Extracted records
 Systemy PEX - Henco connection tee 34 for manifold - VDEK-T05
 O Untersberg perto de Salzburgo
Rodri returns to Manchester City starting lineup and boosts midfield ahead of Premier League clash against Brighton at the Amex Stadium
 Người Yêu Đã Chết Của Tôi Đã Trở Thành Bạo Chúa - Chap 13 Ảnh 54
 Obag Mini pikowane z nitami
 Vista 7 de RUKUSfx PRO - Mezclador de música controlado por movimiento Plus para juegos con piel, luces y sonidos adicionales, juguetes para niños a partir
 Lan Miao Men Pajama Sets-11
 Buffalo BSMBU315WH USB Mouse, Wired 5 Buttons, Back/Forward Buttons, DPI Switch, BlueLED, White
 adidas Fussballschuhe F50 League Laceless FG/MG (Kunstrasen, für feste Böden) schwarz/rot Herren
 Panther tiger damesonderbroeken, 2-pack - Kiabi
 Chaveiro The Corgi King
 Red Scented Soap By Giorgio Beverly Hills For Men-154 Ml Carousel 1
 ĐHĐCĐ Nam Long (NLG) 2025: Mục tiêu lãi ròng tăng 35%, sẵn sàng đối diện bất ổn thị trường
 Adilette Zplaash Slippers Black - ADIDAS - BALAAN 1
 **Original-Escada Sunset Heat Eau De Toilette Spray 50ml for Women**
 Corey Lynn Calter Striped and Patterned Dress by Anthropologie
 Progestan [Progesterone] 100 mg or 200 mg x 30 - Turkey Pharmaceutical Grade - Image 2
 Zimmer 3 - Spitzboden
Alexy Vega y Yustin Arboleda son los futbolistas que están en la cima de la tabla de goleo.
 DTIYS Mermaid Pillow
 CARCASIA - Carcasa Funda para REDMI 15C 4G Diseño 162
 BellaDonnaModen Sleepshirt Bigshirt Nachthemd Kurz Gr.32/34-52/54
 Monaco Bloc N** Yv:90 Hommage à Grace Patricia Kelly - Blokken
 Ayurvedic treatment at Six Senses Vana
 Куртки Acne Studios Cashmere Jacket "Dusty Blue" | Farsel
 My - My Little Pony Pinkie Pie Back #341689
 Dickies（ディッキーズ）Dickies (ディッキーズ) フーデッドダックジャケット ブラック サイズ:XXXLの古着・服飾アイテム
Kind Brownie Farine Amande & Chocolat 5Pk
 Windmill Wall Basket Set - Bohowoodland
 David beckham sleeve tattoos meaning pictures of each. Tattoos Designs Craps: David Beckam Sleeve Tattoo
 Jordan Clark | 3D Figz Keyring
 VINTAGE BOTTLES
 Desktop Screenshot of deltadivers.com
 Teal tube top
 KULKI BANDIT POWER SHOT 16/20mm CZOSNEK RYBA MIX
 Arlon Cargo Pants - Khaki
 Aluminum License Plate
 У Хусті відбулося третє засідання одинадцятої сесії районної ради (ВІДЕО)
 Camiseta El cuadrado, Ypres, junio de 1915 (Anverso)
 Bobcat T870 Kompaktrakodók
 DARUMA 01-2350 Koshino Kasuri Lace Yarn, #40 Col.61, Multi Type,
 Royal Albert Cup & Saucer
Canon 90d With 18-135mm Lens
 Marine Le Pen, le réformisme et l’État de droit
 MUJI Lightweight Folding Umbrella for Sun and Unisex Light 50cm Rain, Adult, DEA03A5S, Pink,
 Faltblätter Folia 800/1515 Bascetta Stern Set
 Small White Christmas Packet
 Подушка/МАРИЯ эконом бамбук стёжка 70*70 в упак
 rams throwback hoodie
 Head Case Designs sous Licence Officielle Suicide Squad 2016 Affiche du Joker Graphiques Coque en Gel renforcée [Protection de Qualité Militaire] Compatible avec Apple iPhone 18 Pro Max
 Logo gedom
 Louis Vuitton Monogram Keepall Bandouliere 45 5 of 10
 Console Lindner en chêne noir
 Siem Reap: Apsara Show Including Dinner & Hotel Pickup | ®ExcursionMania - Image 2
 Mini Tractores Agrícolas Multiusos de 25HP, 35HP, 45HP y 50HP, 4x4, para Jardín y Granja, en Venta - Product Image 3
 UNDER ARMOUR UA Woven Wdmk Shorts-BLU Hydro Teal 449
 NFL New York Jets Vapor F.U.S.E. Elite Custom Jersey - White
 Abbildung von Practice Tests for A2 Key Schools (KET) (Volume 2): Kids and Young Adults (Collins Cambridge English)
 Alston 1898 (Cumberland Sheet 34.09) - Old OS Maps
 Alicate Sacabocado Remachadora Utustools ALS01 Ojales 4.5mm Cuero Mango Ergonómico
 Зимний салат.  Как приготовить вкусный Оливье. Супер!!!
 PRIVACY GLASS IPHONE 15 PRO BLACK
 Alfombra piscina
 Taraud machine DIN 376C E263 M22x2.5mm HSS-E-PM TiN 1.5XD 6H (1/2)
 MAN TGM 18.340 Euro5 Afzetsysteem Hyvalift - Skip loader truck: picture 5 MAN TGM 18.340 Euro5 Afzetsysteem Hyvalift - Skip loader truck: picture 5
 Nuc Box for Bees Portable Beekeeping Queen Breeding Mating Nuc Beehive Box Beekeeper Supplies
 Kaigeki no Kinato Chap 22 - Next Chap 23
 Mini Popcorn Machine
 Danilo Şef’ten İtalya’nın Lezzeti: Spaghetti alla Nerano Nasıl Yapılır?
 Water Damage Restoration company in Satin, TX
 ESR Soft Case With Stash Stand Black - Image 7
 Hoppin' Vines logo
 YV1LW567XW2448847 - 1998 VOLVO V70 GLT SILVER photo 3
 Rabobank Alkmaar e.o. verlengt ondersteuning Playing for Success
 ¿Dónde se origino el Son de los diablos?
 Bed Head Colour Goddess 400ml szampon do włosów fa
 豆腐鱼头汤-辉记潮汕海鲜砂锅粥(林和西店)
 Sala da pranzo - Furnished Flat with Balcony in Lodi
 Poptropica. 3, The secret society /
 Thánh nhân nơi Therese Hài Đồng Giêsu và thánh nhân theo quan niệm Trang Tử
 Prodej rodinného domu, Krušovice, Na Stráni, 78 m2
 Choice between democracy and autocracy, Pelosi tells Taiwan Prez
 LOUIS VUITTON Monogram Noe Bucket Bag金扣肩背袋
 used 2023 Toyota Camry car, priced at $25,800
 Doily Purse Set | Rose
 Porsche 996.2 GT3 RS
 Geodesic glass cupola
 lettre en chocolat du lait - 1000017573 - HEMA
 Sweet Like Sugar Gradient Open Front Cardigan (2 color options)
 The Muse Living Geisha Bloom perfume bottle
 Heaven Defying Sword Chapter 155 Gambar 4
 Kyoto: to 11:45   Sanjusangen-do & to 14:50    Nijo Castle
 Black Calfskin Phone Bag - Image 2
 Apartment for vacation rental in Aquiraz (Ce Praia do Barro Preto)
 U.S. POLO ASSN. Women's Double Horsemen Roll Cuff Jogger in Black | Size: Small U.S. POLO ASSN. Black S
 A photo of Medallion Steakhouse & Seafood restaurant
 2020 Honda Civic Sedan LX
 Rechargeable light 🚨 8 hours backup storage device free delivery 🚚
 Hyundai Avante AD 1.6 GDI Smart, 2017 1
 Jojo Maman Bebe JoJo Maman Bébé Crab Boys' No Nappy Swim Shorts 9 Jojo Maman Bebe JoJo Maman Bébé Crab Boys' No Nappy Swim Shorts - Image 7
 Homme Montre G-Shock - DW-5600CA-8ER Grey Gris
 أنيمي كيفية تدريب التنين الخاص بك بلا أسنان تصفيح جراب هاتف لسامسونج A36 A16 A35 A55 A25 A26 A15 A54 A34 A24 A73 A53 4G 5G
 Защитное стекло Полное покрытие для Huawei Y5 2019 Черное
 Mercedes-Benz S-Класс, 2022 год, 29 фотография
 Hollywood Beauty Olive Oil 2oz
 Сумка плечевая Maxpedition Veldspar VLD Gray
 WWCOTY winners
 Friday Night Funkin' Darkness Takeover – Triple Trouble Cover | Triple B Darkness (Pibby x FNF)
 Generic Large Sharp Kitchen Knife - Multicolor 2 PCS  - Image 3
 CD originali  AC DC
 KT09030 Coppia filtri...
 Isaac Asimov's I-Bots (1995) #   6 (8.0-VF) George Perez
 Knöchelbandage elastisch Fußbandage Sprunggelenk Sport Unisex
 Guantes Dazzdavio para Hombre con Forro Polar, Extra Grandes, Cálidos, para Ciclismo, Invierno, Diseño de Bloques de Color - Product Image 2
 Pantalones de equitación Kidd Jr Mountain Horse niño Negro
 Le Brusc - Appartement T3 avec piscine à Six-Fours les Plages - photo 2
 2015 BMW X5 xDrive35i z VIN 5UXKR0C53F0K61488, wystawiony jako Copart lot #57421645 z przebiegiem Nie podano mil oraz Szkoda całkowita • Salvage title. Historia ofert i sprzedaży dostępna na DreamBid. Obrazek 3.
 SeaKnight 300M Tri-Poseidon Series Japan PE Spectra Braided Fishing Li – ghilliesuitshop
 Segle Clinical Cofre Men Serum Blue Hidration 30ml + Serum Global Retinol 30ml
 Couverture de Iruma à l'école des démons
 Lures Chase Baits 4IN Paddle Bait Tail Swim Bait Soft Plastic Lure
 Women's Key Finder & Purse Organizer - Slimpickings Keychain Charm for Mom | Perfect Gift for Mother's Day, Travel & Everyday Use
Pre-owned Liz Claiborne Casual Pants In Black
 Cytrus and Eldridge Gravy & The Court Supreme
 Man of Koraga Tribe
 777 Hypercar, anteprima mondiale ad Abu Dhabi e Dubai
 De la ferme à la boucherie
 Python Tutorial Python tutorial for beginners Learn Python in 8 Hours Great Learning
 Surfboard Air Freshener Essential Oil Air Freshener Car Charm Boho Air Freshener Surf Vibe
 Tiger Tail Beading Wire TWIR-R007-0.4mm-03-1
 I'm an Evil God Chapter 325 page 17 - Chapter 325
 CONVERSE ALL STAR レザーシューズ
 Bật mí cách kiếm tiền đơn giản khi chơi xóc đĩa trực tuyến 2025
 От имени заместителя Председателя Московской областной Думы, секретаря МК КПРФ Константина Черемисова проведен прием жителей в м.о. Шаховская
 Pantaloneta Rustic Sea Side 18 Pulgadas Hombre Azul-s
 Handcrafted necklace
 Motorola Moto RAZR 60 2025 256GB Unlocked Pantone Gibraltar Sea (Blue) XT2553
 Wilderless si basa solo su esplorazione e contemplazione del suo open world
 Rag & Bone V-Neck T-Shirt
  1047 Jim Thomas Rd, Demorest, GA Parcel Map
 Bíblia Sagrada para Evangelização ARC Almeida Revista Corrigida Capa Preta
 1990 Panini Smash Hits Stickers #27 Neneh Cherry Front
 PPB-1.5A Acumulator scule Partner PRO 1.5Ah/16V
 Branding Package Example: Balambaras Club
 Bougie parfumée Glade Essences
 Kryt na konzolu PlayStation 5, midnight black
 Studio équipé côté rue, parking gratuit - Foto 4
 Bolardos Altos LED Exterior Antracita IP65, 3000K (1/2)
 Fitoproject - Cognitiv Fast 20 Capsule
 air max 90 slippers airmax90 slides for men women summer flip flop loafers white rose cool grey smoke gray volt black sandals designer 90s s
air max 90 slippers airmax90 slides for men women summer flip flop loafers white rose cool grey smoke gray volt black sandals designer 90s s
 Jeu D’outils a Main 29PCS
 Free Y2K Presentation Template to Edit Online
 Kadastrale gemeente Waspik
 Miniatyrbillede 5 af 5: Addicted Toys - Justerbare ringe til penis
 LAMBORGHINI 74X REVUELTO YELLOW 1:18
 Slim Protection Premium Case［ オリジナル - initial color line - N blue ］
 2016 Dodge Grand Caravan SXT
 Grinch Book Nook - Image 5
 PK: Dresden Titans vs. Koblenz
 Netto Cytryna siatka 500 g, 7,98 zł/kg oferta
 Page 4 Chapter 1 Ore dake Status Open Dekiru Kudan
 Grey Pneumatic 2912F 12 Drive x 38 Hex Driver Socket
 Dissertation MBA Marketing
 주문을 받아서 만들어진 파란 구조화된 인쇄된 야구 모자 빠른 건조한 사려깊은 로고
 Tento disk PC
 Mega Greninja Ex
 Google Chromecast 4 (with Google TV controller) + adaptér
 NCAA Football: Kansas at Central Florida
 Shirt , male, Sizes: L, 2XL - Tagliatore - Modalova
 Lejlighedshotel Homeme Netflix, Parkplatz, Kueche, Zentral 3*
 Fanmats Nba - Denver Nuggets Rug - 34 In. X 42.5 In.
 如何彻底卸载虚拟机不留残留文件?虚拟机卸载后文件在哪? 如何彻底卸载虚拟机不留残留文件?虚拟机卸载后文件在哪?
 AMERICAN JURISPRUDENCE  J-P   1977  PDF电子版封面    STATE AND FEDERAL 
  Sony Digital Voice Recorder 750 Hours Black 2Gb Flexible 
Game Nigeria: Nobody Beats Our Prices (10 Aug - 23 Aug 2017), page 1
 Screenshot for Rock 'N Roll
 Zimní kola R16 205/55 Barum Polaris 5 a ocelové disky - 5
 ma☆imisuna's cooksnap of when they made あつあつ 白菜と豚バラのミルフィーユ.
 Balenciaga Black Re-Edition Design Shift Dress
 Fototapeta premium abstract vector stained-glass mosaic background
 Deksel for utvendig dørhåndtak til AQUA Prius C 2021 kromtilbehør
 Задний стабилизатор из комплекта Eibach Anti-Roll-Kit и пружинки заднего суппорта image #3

* What you should do *
Set down only the lines above that fall between the line holding "Panther tiger damesonderbroeken, 2-pack" and the line holding "David beckham sleeve", inclusive, keeping each exact.

* Written reply *
 Panther tiger damesonderbroeken, 2-pack - Kiabi
 Chaveiro The Corgi King
 Red Scented Soap By Giorgio Beverly Hills For Men-154 Ml Carousel 1
 ĐHĐCĐ Nam Long (NLG) 2025: Mục tiêu lãi ròng tăng 35%, sẵn sàng đối diện bất ổn thị trường
 Adilette Zplaash Slippers Black - ADIDAS - BALAAN 1
 **Original-Escada Sunset Heat Eau De Toilette Spray 50ml for Women**
 Corey Lynn Calter Striped and Patterned Dress by Anthropologie
 Progestan [Progesterone] 100 mg or 200 mg x 30 - Turkey Pharmaceutical Grade - Image 2
 Zimmer 3 - Spitzboden
Alexy Vega y Yustin Arboleda son los futbolistas que están en la cima de la tabla de goleo.
 DTIYS Mermaid Pillow
 CARCASIA - Carcasa Funda para REDMI 15C 4G Diseño 162
 BellaDonnaModen Sleepshirt Bigshirt Nachthemd Kurz Gr.32/34-52/54
 Monaco Bloc N** Yv:90 Hommage à Grace Patricia Kelly - Blokken
 Ayurvedic treatment at Six Senses Vana
 Куртки Acne Studios Cashmere Jacket "Dusty Blue" | Farsel
 My - My Little Pony Pinkie Pie Back #341689
 Dickies（ディッキーズ）Dickies (ディッキーズ) フーデッドダックジャケット ブラック サイズ:XXXLの古着・服飾アイテム
Kind Brownie Farine Amande & Chocolat 5Pk
 Windmill Wall Basket Set - Bohowoodland
 David beckham sleeve tattoos meaning pictures of each. Tattoos Designs Craps: David Beckam Sleeve Tattoo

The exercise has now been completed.